DATA FOR REVIEW START

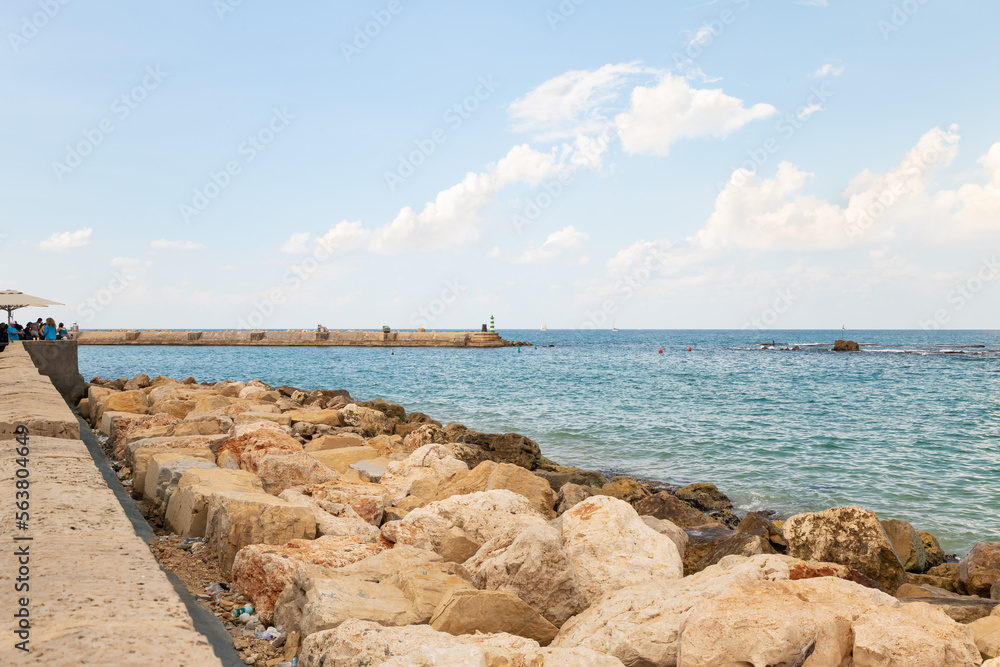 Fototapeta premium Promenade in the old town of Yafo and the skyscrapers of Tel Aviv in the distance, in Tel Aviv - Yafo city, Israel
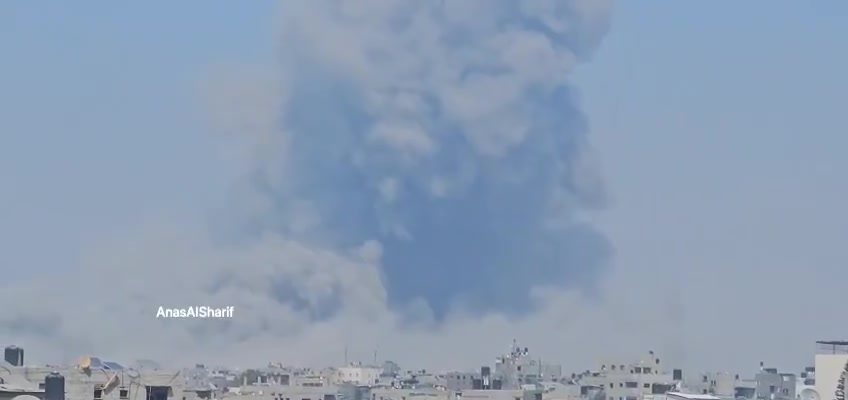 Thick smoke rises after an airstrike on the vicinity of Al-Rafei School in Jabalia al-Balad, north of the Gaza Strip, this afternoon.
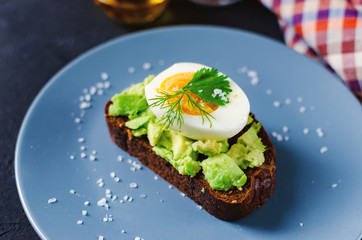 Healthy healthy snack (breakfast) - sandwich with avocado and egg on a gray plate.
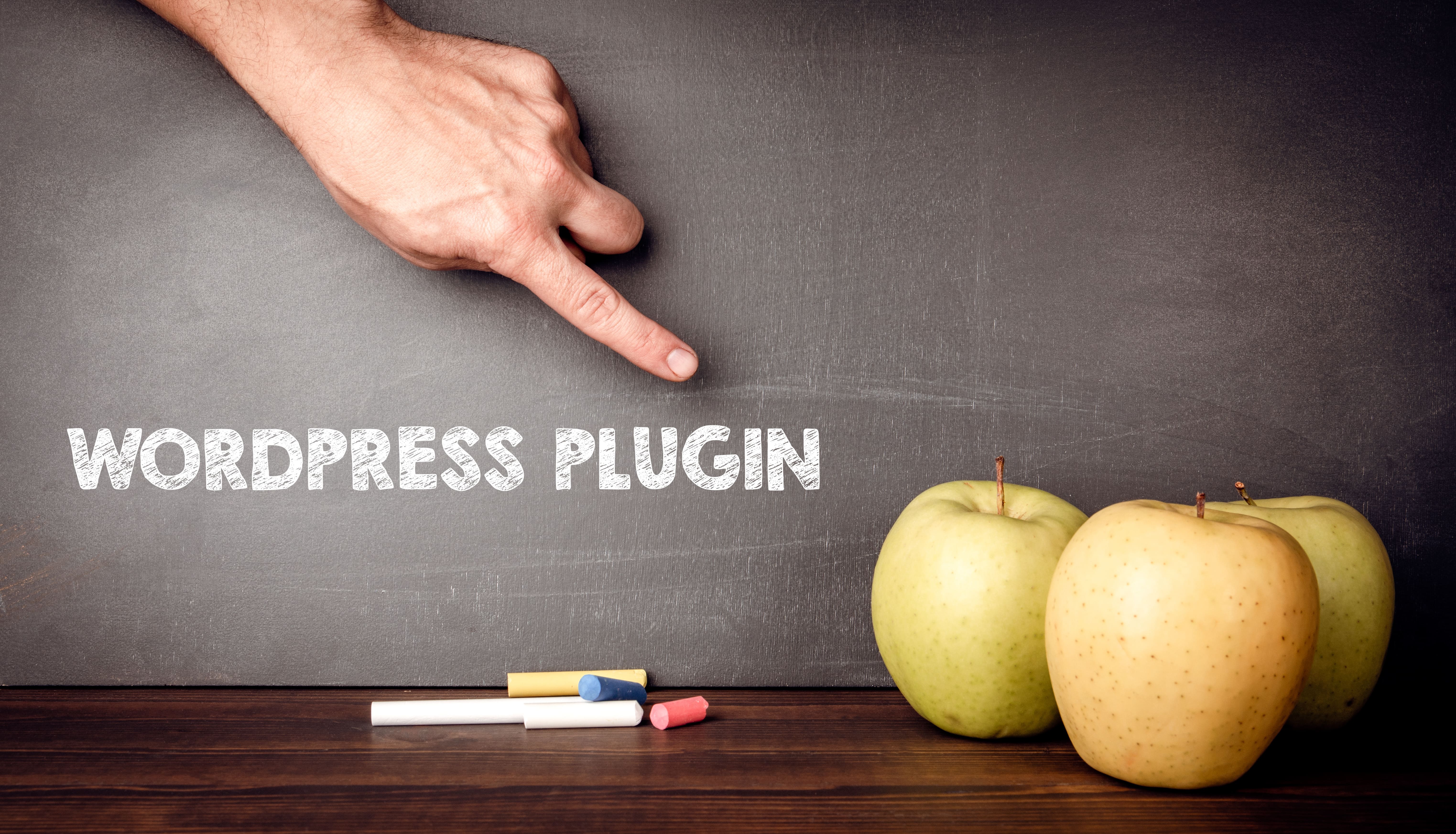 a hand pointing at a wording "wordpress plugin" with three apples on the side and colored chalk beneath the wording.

DATA FOR REVIEW END
DATA FOR REVIEW START

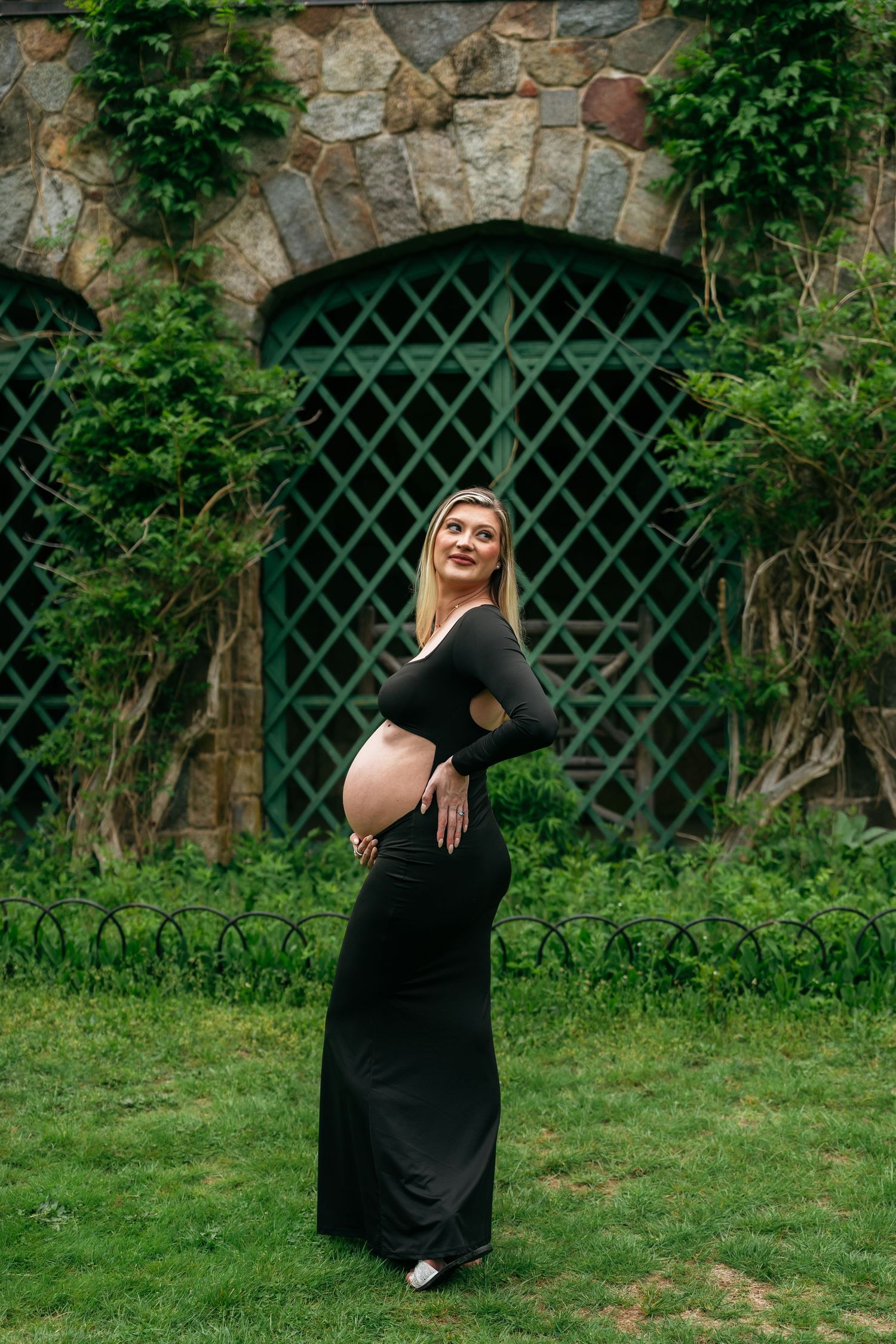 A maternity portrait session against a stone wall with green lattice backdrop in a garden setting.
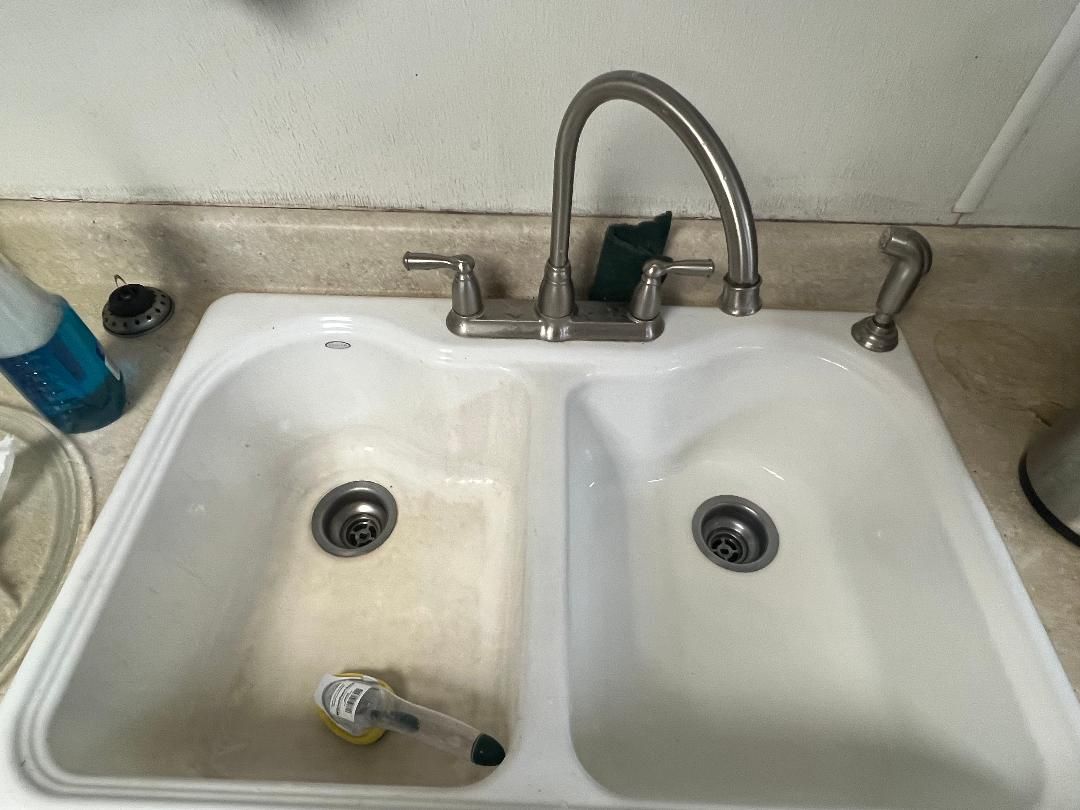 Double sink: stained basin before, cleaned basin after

DATA FOR REVIEW END
DATA FOR REVIEW START

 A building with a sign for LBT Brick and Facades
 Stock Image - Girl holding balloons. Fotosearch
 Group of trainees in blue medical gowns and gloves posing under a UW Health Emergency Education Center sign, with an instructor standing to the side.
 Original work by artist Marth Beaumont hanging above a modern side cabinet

DATA FOR REVIEW END

▶ **TASK PROMPT**:
Output only the lines above from the one containing "A maternity portrait" to the one containing "Double sink: stained", both included, exactly as written and with no pictures.

▶ **COMPLETED TASK**:
 A maternity portrait session against a stone wall with green lattice backdrop in a garden setting.
 Double sink: stained basin before, cleaned basin after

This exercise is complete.